What’s the science behind the amazing 3-point shooting of the Warriors Stephen Curry and Klay Thompson?

Klay Thompson throws a crisp pass to Stephen Curry, who launches a 3-point shot.  The ball follows a smooth, graceful arc before dropping through the hoop 28 feet away.

We should appreciate this simply for what it is: an awesome play by the Splash Brothers.  But science is all around us, so why not wonder about the science behind this feat of prowess?

The parabolic arc the ball follows is a result of the push Curry gives the ball and the force of gravity acting on it.  As the ball leaves Curry’s fingers it moves at an upward angle.  A physicist would say that the ball’s velocity has both a horizontal and vertical component; that is, the ball is moving both parallel to the floor and also in the up-down direction.

Once the ball is released, the only strong force acting on it is gravity.  (Air impedes the motion of the ball, but this effect is so small that it doesn’t significantly affect the motion.)  As a result of gravity, the ball’s vertical motion slows and slows until the ball hits the peak of the arc.  It is no longer going up.  Gravity continues to pull on it, so the ball begins to fall back to Earth, going downward faster and faster. 

Gravity only pulls on things straight down.  So gravity can only affect the motion of the ball in the vertical direction; the horizontal motion of the ball remains unchanged during flight.  The combination of a constant horizontal motion with the ball slowing down then speeding up in the vertical direction results in the parabolic arc.

Curry releases a 3-pointer at an angle of about sixty degrees from the horizontal.  A basketball fan would say he’s got a lot of “arc” on the shot, which is not unusual for good ball players.  The higher the curved path of the ball, the closer to straight down it’s moving as it nears the hoop.  That gives the ball more clearance to get through the rim compared to a low-arcing shot.

For a 28-foot shot, Steph needs to impart a speed of about 30 feet per second – about 22 miles per hour – to get the ball to drop dead center through the hoop.

For a 28-foot shot, Steph needs to impart a speed of about 30 feet per second – about 22 miles per hour – to get the ball to drop dead center through the hoop.  And what precision!  If his release speed is off by less than one percent or if the angle is off by just a half a degree or so “clang,” the ball hits the rim.  No basket.

What about the spin that Curry gives the ball as it leaves his hand?  Although the spin of an object can affect its flight through the air – this is certainly true of a pitched baseball – the motion of a basketball is essentially unchanged by the amount of spin.  Then why do the best players launch their shots with just that right amount of spin?  A basketball released with spin is what players call a “soft shot.”  A soft shot is much less likely to bounce hard off the rim or backboard if it doesn’t swish through the net.

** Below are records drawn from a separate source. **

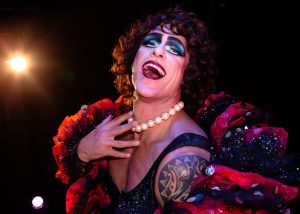 Do the Time Warp again: Rocky Horror Show returns to Cape Town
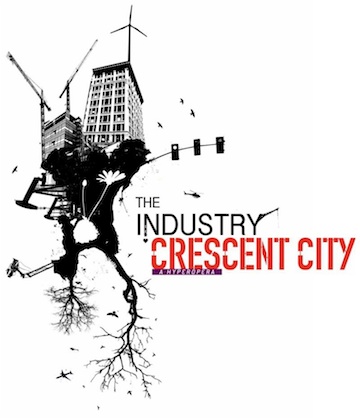 Crescent City: a World Premiere Hyperopera Opens May 10, Runs for 3 Weeks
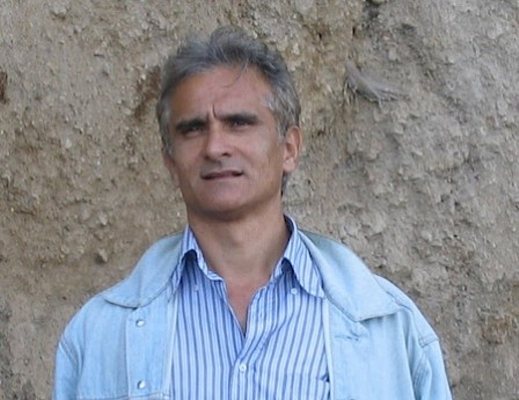 vulcanologo giuseppe mastrolorenzo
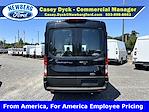 New 2023 Ford Transit 250 Medium Roof Empty Cargo Van for sale #232962 - photo 5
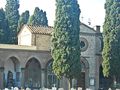 Prato - Oratorio di San Michele alla Misericordia - L'oratorio.jpg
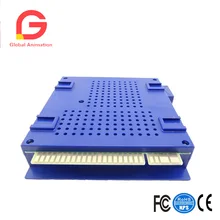 412 In 1 Jamma Multi Game PCB Cocktail Arcade Game Board For CGA VGA Vertical цена 412 In 1 Jamma Multi Game PCB Cocktail Arcade Game Board For CGA VGA Vertical цены онлайн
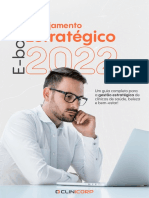 E-Book Planejamento Estratégico 2022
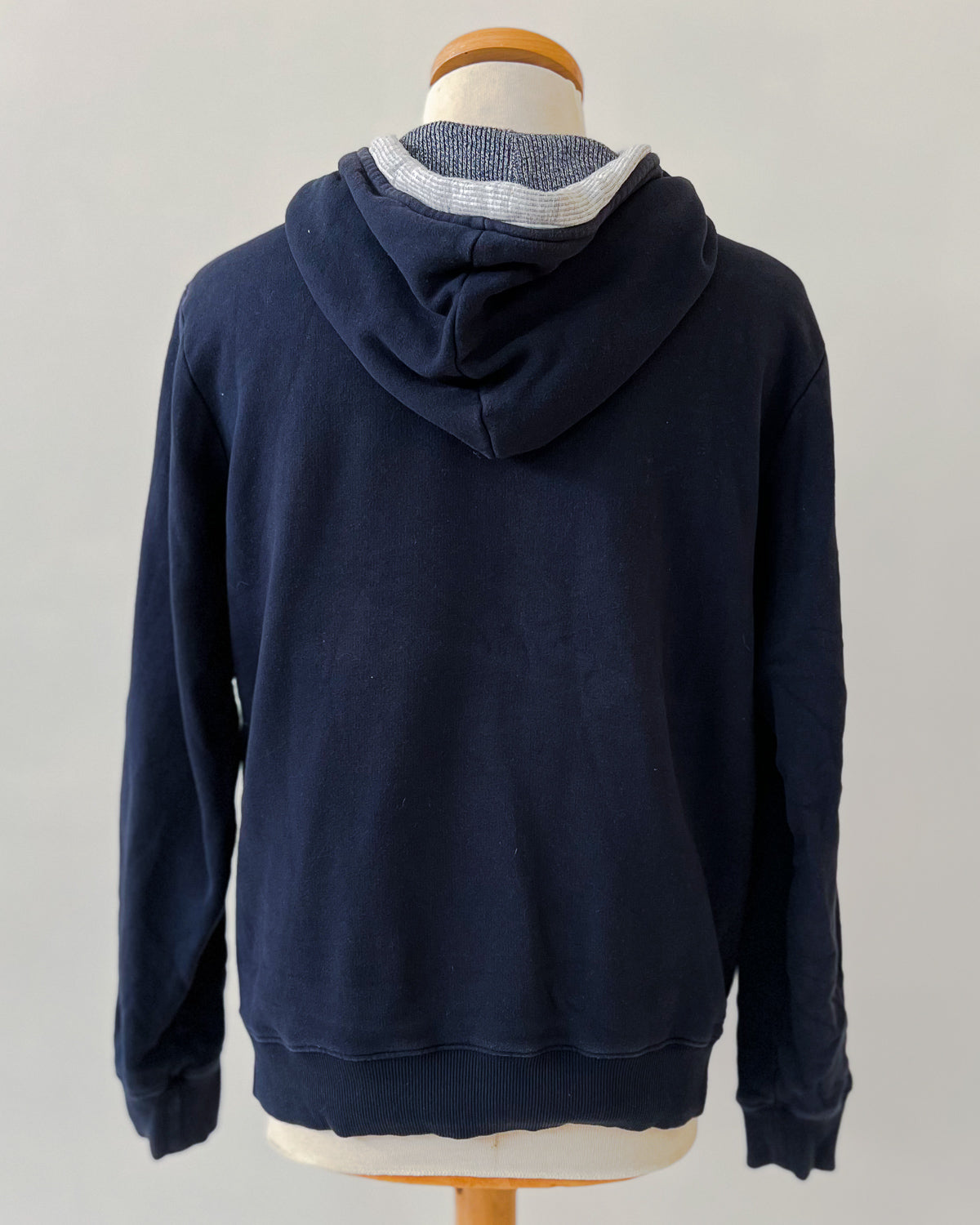Champion - Felpa Grafica - L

Does Curry’s long jumper almost look like it’s flying under its own power after he releases it?  There’s a good physics reason.  His shot is in the air for about one-and-a-half seconds.  Of that time, the ball spends a second above the height that is halfway up to the peak of the arc.  That means the ball spends most of its flight time higher up than its halfway mark, which creates the illusion that the ball is flying!

No basketball player – whether a middle schooler just learning the game or a professional like Klay Thompson or Steph Curry – thinks about shooting as a physics problem.  We probably shouldn’t either.  Instead, enjoy the beauty, the grace, the athleticism.  But once in a while it’s okay to wonder about the science too.